**THE DATA**
* * * * * * * * *
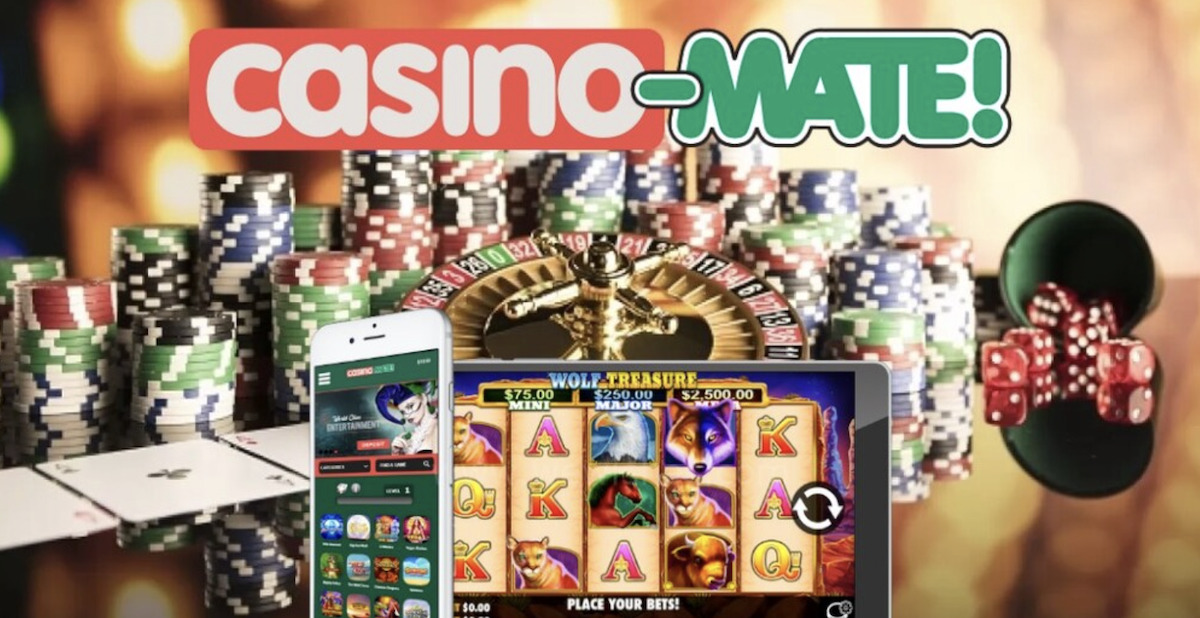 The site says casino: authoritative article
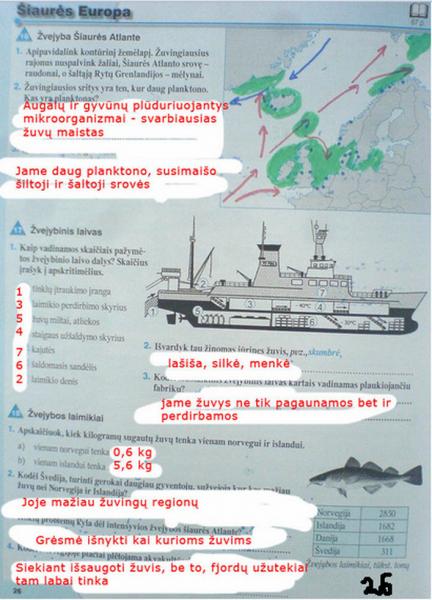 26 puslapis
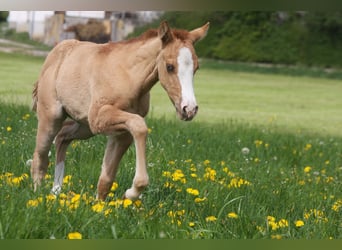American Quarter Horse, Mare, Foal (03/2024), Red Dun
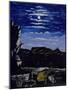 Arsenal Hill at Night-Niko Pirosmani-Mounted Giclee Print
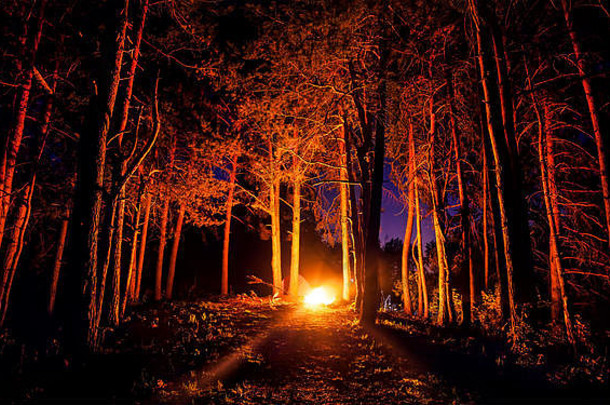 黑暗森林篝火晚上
* * * * * * * * *
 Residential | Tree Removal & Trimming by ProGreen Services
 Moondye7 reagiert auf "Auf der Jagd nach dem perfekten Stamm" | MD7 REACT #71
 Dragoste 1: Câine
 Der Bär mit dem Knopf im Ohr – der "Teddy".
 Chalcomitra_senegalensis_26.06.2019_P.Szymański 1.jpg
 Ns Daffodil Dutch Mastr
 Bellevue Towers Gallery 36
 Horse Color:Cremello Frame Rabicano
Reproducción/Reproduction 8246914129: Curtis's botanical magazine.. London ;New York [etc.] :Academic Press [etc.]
* * * * * * * * *
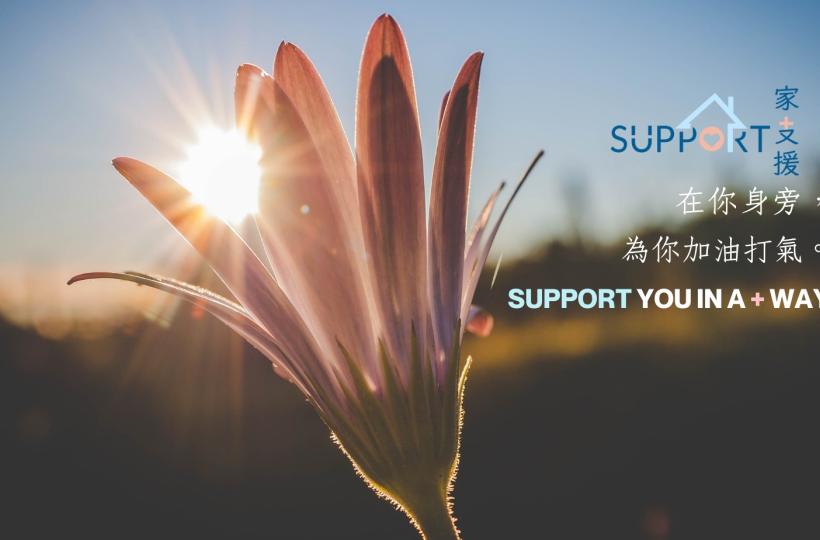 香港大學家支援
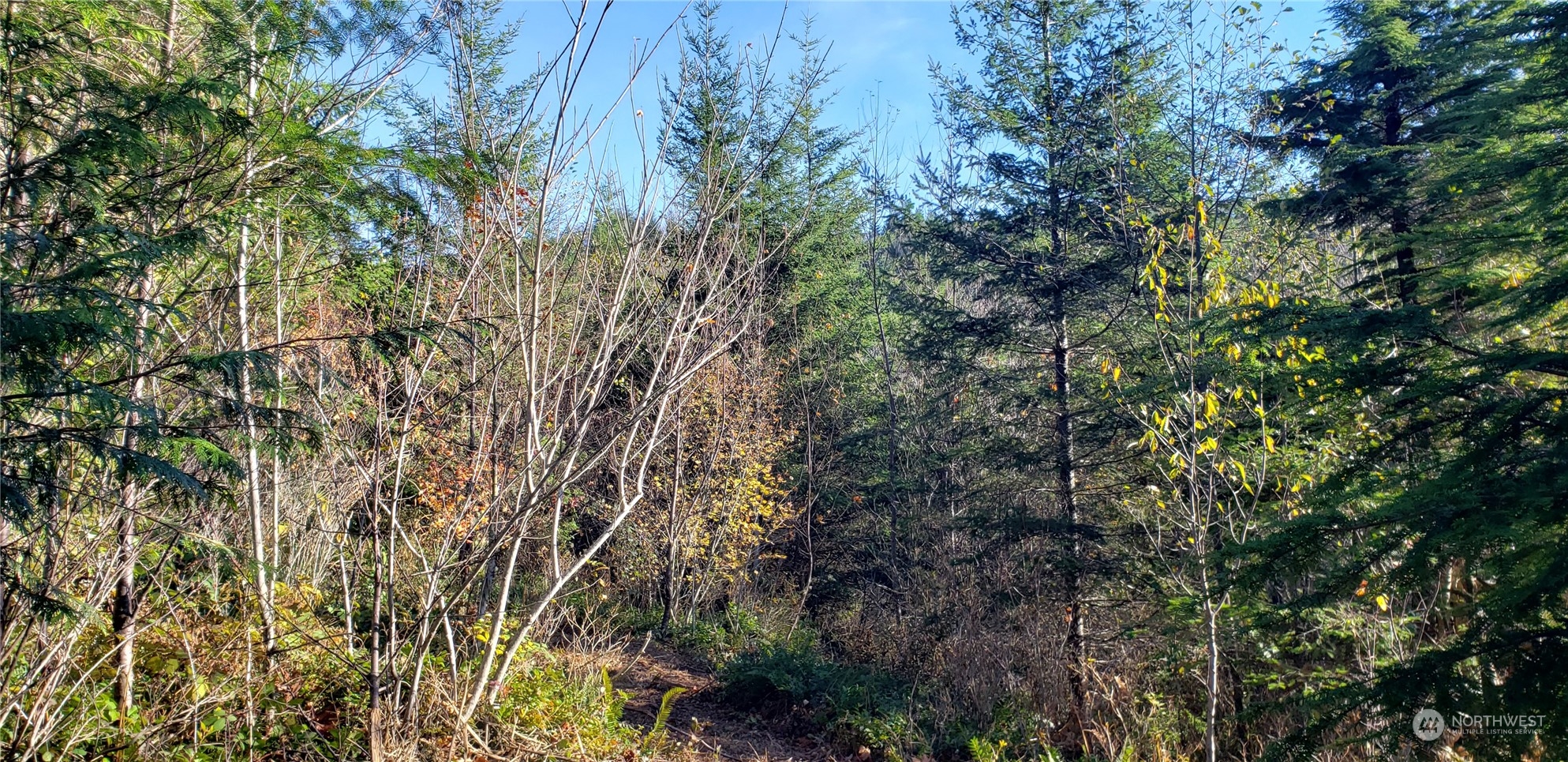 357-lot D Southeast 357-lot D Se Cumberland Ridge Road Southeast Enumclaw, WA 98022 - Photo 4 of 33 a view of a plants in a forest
* * * * * * * * *
**YOUR ASSIGNMENT**
Which lines run from the one holding "Dragoste 1: Câine" through the one holding "Reproducción/Reproduction 8246914129: Curtis's" in the records above? Repeat them exactly, both included, and nothing more.

**RESULT BELOW**
 Dragoste 1: Câine
 Der Bär mit dem Knopf im Ohr – der "Teddy".
 Chalcomitra_senegalensis_26.06.2019_P.Szymański 1.jpg
 Ns Daffodil Dutch Mastr
 Bellevue Towers Gallery 36
 Horse Color:Cremello Frame Rabicano
Reproducción/Reproduction 8246914129: Curtis's botanical magazine.. London ;New York [etc.] :Academic Press [etc.]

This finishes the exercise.